Actually, I’M, Mota-Engil and Visabeira’s tripartite shareholders agreement initially had meant a takeover bid wasn’t necessary, but changes introduced later meant it was imperative and mandatory.

The takeover bid was launched by Visabeira Indústria on Martifer’s shares at the start of August, following the signing of the tripartite parasocial agreement between Visabeira, Mota-Engil and I’M was registered with the CMVM.

Under this agreement I’M would end up with a 25.1% share of Martifer’s share capital – the minority share.

On Monday, Martifer sent the CMVM an amendment to its preliminary announcement on the PAO launched by Visabeira that the total voting rights of the three large groups was 87.53% and not the 87.4% that’d been stated.

Under the terms of the PAO Visabeira would acquire a 19% of Martifer’s share capital making it the majority shareholder.

Since the preliminary announcement, Martifer shares lost 11.3% in value, but are still trading above the PAO value at €2.43 per share.

After the PAO, Martifer must withdraw from the stock market and despite small investors criticizing the offset offered (€2.057 per share) because they think it doesn’t reflect Martifer’s true value, analysts expect that the take-over bid will be successful

Martifer SGPS, SA, the Group’s holding company noted for metal construction, has been listed on the Euronext Lisbon stock market since June 2007.

In 2008, its core activity operating revenues reached €650 million, but since the Great Financial Crisis the company, founded by the two Martins brothers Carlos and Jorge, had seen its operating revenues fall by two-thirds to €254 million in 2024.

Portugal ’s construction sector was particularly hard-hit by the financial and sovereign debt crisis that led to Portugal’s Great Recession that lasted until 2014 and Martifer never completely recovered the successes it had enjoyed up until 15 years before.

The main shareholder structure comprises the founding partner, through I’M SGPS, S.A., and the Mota-Engil Group, both control approximately 80% of the company with Mota-Engil holding a 37.50% share which was the result of a takeover bid.

However, the Visabeira Group acquired a significant stake, holding a larger share after an agreement made in 2024 to acquire more shares.

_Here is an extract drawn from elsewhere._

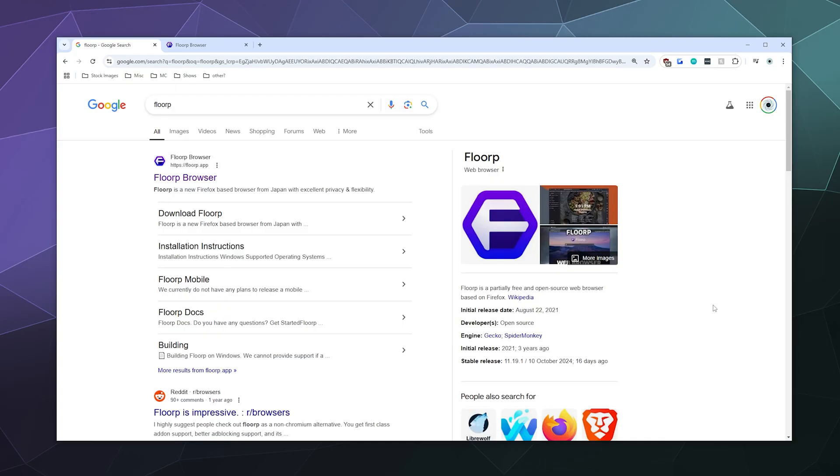All right, welcome back ladies and gentlemen to the Chupacabra Tutorials channel. I'm your host Larry, and today I'm going to show you how to download and install the web browser Floorp, which is based off of Firefox and is developed in Japan. It is one of many interesting alternatives to Google Chrome that you can download that does not use the Chromium web browser as its framework.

As of this month, Visabeira’s qualified shareholding has increased and the rival industrial and telecoms group is on track to acquire a further 18% of Martifer’s share capital by April 2026, bringing its share to 41%, making it the main shareholder.

The combed control of Mota-Engil, I’M SGPS and Visibeira will arguably give Martifer a “new lease of life” thanks to the shareholding of the strong controlling groups Visibeira and Mota-Engil.

Martifer closed the last year with a net profit of €23 million, an increase of 16.8% compared to the €19.7 million reported in 2023. This was its best result since 2009, when profits exceeded €107 million.